3. Decades of peer-reviewed, scientific studies show, whether discussing dogs, humans, dolphins or elephants, that electric shock as a form of training to teach or correct a behavior is ineffective at best, and physically and psychologically damaging at worst. Renowned board certified animal behaviorist and veterinarian, Dr. Karen Overall (2005) states: “There are now terrific scientific and research data that show the harm that shock collars can do behaviorally. At the July 2005, International Veterinary Behavior Meeting, held in conjunction with the American Veterinary Society of Animal Behavior and American College of Veterinary Behaviorists research meetings, data were presented by E. Schalke, J. Stichnoth, and R. Jones-Baade that documented these damaging effects...There is no longer a reason for people to remain misinformed. Let me make my opinion perfectly clear: Shock is not training - in the vast majority of cases it meets the criteria for abuse.” Ziv (2017) condenses a number of studies and surveys to review the data on the relationship between the use of electronic collars and dogs’ behavior and concludes that, “given the available data and in order to avoid risking the dogs’ welfare, trainers should avoid using electronic collars when training dogs.”

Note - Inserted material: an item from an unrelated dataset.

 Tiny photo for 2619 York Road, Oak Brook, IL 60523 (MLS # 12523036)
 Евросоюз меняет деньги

4. There can be no doubt that electric shock is a punisher, and for punishment to be effective as a means to training a dog -- or any other animal -- there are three critical elements that must be fulfilled: consistency, timing and intensity. First, the punishment must occur every time the unwanted behavior occurs. Second, it must be administered within, at most, a second or two of the behavior. Third, it must be unpleasant enough to stop the behavior. To reiterate, in the real world outside science laboratories, meeting these three criteria is virtually impossible for a dog training professional, and most certainly for a dog owner. Citing a variety of studies, Ziv (2017) concludes that “even when experienced trainers operate [shock] collars, the welfare of the dogs could be compromised,” and states it to be “likely that the threat to dogs’ welfare would be even greater in the hands of unskilled dog owners, who might lack the timing and consistency needed for this type of training to be successful…due to the aversive nature of these devices and the likelihood of training ineffectiveness, their use can be abusive.

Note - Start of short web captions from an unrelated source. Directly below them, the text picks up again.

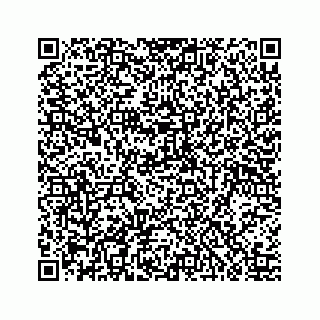 vCard 73515826246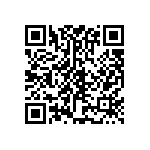 SIT1602BC-13-25E-72-000000E QRCode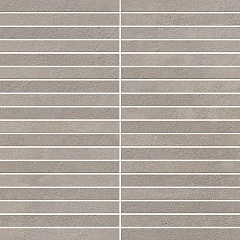 Миллениум Айрон Мозаика Стрип 30х30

5. According to psychology professor, Dr. Susan Friedman, who has pioneered the application of ABA to captive and companion animals: “Punishment doesn’t teach learners what to do instead of the problem behavior. Punishment doesn’t teach caregivers how to teach alternative behaviors. Punishment is really two aversive events – the onset of a punishing stimulus and the forfeiture of the reinforcer that has maintained the problem behavior in the past.” (Friedman, 2010). Especially troubling for pet professionals is that punishment requires an increase in the intensity of the aversive stimulus for it to have any have any hope of maintaining behavior reduction.

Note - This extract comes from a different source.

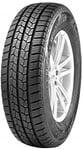 Linglong Green-max Winter VAN 235/65R16 121R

6. For new, more appropriate behaviors to become reliable in random environments, they must be accessed, reinforced and then practiced so a pet is able to transfer them to any context or situation (known as “generalization”). When using shock to train or manage a pet, the pet must be repeatedly subjected to the aversive stimulus for the behavior to appear resolved, when it is, in fact, only suppressed. In such cases, the pet still has not learned a more appropriate alternative behavior. In addition, as the pet is most likely still experiencing a negative emotional state, such as fear or anxiety, he is susceptible to even more problematic behavior fallout.
7. Many shock collar trainers market themselves under verbiage and marketing slogans such as “force-free,” “positive relationship,” “natural methods,” “relationship building,” “positive only,” “no food necessary,” and so on. These are all taglines that are bandied around the industry, but mislead unsuspecting owners looking for humane ways to train their pets. They are carefully crafted to appeal to pet guardians who may not always understand the various training methods available, or the fallout and unintended consequences of making the wrong choice. They thus do not provide consumers the autonomy to make ethical decisions on behalf of their pets. This, compounded with the inability of a pet to offer informed consent, further questions the ethics of such training practices. The foundation of anyone working in behavioral sciences must always be to do no harm
, and, wherever possible “practitioners should base their choices of training methods on scientific data.” (Ziv, 2017).